Questions about getopt() (Linux)

491 views
Skip to first unread message

Kenny McCormack

unread,
Jul 8, 2008, 6:25:22 AM7/8/08
to
1) Is it documented anywhere that you have to reset optind to 0 in order
to use getopt again (i.e., to use it more than once in a single program) ?
Observation: I've discovered this on my own at least twice now, the hard way.

2) Is it documented anywhere how/that getopt silently ignores the 0
element of the passed argv[] array? It is obvious, of course, why it
does this, but it is a catch point if you build up your own argv, rather
than just pass it the one supplied to main().

Observation: Obviously, I think the answer to both of the above
questions is "no" - at least I could find nothing on them.
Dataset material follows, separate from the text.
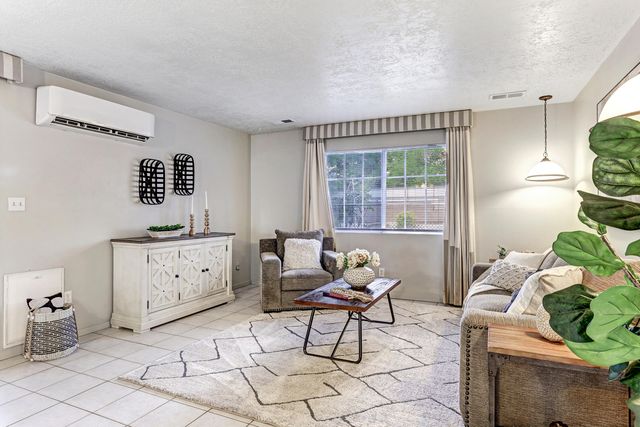 629 Littler Drive SE, Rio Rancho, NM 87124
I'm curious
also as to how well known/understood these limitations are.

Geoff Clare

unread,
Jul 8, 2008, 8:49:02 AM7/8/08
to
Kenny McCormack wrote:

> 1) Is it documented anywhere that you have to reset optind to 0 in order
> to use getopt again (i.e., to use it more than once in a single program) ?
> Observation: I've discovered this on my own at least twice now, the hard way.
>
> 2) Is it documented anywhere how/that getopt silently ignores the 0
> element of the passed argv[] array? It is obvious, of course, why it
> does this, but it is a catch point if you build up your own argv, rather
> than just pass it the one supplied to main().

POSIX/SUS says:

"The variable optind is the index of the next element of the
argv[] vector to be processed. It shall be initialized to 1 by the
system, and getopt() shall update it when it finishes with each
element of argv[]."

This would seem to provide the answer both your questions.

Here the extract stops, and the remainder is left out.